Will you write out the data exactly, excluding every picture?

## [Data extract]
====================

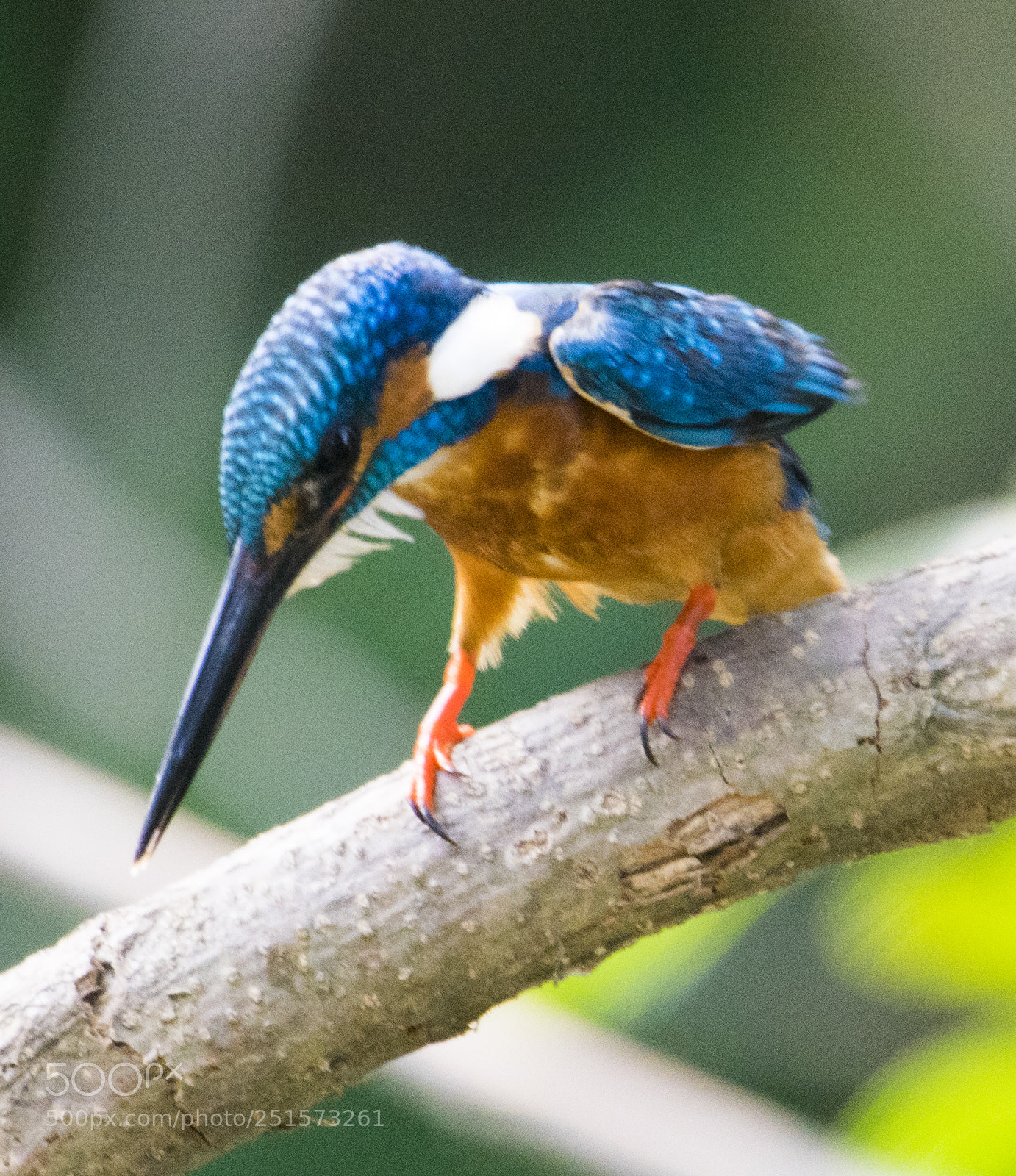 Nikon D5300 sample photo. Birds photography
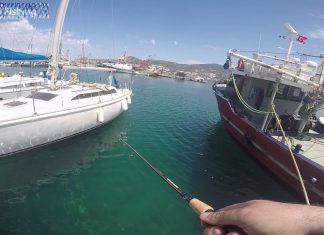 LRF YÖNTEMİYLE ZARGANA AVI lrf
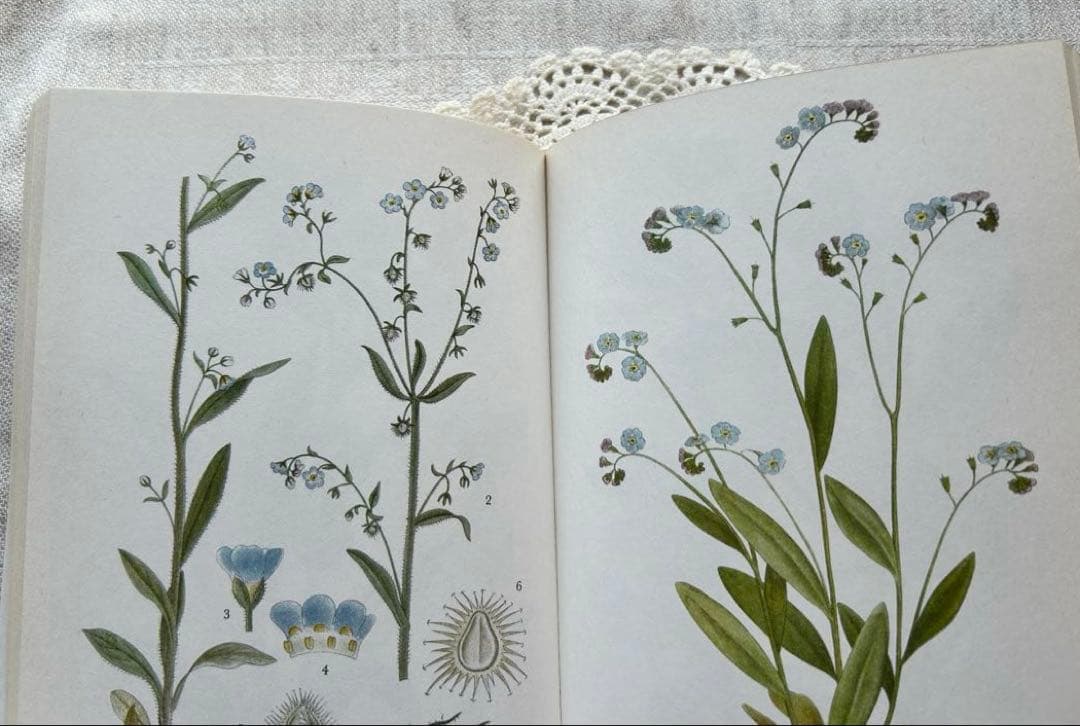 スウェーデンヴィンテージ植物図鑑 Nordens Flora 第8巻
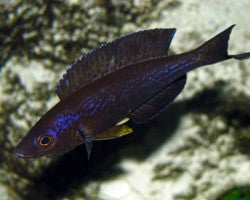 6 Cyprichromis Kiriza black Nice last ones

====================

## [Your response]
 Nikon D5300 sample photo. Birds photography
 LRF YÖNTEMİYLE ZARGANA AVI lrf
 スウェーデンヴィンテージ植物図鑑 Nordens Flora 第8巻
 6 Cyprichromis Kiriza black Nice last ones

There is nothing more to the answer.